Problem-solving was emphasized by Sam Pitroda, Advisor on Public Information Infrastructure and Innovation to India’s Prime Minister and recipient of this year’s honorary degree. In receiving the degree from Jeffrey Lynford, Vice Chair of NYU-Poly’s board of trustees, on behalf of NYU-Poly, Pitroda shared his humble beginnings with the audience — how he grew up in a rural Indian village with no schools, water or doctors; how his mother raised eight children who were all birthed at home; how he was the first in his family to receive a college degree. That personal history informed his later observations. 

“I have learned that the best brains in the world are busy solving the problems of the rich, who don’t really have problems to solve,” Pitroda said. “As a result, problems of the poor don’t get the talent [they] require.”

That has not been the case with Pitroda, who, after a successful career as an entrepreneur in America, returned to India in the 1980s and began working on the country’s weak telecommunications network. It used to take fifteen years to receive a connection for a landline in India, he told the crowd. Now the country counts 900 million mobile phone users. Spearheading such change has crowned Pitroda the father of India’s telecommunications revolution, and there are suggestions in the Indian press that he may be a candidate for the nation’s President.

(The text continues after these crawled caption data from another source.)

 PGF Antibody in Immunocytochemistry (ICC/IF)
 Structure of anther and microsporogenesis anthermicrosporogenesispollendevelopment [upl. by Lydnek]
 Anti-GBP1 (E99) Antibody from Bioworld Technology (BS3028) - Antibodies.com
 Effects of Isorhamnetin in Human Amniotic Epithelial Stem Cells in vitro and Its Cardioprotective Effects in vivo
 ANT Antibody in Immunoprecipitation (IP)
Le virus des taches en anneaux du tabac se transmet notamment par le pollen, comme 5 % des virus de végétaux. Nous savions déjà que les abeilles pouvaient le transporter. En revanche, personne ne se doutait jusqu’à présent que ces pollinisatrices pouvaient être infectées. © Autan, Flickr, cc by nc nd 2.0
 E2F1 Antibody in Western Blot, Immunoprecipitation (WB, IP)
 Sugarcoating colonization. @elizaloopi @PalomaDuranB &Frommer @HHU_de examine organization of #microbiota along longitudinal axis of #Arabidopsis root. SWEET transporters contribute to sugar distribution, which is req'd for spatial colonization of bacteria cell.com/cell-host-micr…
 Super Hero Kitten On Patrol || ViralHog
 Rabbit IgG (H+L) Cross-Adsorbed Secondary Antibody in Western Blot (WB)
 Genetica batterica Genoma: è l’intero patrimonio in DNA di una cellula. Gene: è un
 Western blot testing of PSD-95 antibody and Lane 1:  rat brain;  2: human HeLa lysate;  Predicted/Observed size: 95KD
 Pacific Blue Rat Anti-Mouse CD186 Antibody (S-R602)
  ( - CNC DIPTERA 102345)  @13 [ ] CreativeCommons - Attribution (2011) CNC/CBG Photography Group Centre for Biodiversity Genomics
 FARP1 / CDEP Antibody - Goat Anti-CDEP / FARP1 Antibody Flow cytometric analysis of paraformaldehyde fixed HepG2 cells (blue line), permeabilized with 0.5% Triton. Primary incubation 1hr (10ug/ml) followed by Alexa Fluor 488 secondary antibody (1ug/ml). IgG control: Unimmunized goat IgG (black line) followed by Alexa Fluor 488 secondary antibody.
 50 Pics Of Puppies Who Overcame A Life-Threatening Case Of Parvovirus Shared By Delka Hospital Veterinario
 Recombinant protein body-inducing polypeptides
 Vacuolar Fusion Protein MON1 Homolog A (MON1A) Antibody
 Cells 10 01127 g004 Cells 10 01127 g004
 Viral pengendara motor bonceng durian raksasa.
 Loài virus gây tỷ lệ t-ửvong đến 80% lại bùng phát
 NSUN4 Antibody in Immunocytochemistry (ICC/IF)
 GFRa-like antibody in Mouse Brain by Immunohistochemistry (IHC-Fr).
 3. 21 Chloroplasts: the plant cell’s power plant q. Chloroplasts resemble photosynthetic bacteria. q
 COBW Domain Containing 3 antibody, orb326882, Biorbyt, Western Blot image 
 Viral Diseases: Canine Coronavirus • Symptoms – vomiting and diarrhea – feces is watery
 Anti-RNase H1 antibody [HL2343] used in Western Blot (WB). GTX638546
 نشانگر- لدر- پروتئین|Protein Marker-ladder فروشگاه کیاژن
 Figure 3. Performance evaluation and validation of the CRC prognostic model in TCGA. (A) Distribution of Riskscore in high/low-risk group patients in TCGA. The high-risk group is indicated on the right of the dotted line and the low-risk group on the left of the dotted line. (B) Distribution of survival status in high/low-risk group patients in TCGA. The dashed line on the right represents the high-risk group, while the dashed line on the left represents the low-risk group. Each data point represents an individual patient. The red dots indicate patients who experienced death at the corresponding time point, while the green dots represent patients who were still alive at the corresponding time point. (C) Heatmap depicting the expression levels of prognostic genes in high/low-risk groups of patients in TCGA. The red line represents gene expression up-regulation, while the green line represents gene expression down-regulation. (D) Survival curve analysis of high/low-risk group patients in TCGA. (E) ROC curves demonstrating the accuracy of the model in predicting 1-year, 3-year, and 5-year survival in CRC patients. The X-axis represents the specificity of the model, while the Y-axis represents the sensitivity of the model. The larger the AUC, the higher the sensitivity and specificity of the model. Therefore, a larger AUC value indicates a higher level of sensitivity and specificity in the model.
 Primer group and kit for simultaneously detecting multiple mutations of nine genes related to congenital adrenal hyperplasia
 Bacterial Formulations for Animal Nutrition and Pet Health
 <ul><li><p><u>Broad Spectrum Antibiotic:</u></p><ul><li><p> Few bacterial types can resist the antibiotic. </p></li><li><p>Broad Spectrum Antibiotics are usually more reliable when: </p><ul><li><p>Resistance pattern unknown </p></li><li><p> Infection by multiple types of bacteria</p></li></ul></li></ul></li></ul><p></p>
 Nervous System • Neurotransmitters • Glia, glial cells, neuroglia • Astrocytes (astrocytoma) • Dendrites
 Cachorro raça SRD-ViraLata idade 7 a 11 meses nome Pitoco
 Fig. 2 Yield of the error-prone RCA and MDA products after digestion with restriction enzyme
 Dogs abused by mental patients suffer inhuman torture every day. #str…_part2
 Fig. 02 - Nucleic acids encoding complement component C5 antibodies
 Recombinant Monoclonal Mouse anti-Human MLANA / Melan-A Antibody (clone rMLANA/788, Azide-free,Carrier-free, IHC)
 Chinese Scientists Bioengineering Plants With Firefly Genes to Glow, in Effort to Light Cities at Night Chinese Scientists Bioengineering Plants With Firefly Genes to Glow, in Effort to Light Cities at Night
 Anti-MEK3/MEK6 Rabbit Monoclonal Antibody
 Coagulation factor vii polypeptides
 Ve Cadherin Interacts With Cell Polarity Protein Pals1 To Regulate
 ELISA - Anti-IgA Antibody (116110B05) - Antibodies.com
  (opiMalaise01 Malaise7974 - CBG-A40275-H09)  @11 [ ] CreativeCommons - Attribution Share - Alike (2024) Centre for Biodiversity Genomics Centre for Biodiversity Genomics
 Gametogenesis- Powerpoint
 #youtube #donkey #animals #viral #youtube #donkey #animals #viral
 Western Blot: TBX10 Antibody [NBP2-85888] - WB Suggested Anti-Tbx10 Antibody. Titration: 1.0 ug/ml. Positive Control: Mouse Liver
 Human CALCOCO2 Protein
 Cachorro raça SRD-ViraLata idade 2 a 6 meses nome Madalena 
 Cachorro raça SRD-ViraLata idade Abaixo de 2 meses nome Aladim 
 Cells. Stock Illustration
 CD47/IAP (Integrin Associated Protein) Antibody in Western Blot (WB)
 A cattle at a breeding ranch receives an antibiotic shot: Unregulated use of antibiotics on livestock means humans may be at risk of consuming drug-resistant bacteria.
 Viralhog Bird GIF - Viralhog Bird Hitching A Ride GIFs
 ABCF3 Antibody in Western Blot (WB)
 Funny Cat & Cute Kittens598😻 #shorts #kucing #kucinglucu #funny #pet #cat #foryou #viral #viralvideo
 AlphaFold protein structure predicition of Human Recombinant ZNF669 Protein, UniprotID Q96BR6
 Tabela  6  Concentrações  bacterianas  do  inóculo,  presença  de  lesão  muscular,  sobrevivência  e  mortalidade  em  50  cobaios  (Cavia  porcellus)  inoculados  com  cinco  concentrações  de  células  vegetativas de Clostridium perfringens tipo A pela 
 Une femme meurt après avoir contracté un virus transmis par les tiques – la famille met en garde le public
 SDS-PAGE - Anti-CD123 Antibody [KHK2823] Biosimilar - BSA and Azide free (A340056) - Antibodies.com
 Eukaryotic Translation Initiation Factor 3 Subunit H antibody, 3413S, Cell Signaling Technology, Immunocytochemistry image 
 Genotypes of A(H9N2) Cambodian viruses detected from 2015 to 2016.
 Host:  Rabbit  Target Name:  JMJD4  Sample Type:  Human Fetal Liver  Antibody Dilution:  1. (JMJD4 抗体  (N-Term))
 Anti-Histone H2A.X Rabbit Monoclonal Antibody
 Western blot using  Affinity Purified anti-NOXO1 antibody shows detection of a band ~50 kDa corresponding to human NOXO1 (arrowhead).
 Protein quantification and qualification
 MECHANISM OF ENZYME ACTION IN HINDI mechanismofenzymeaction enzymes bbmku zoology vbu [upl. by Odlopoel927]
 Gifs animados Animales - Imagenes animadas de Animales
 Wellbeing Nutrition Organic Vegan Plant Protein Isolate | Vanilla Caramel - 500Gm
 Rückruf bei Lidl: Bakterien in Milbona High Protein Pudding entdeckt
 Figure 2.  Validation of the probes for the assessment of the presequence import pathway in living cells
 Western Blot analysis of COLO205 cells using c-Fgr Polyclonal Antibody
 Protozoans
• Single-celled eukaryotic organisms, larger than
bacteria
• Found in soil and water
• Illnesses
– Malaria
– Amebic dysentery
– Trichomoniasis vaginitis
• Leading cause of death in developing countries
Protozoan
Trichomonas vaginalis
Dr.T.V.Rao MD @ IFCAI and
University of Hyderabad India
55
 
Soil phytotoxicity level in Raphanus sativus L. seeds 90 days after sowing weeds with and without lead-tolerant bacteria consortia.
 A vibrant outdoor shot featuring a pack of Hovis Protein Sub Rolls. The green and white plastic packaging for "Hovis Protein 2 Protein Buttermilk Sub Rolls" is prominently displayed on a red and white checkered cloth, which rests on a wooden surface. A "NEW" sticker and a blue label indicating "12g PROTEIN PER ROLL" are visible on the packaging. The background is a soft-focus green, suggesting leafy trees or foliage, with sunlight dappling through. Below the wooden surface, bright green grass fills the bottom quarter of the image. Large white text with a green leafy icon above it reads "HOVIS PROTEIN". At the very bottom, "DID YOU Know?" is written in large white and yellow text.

Certainly Akshay Joshi, who graduated with a master’s degree in electrical engineering, had heard of Pitroda. He is from the same region in India as me, explained Joshi, who described his countryman’s speech as “very great.”

While Joshi won’t be traveling to India just yet — there’s a job for him in Long Island after graduation, he said — he does plan on returning and following in Pitroda’s footsteps. For now, however, New York is “like a second home,” said Joshi, beaming.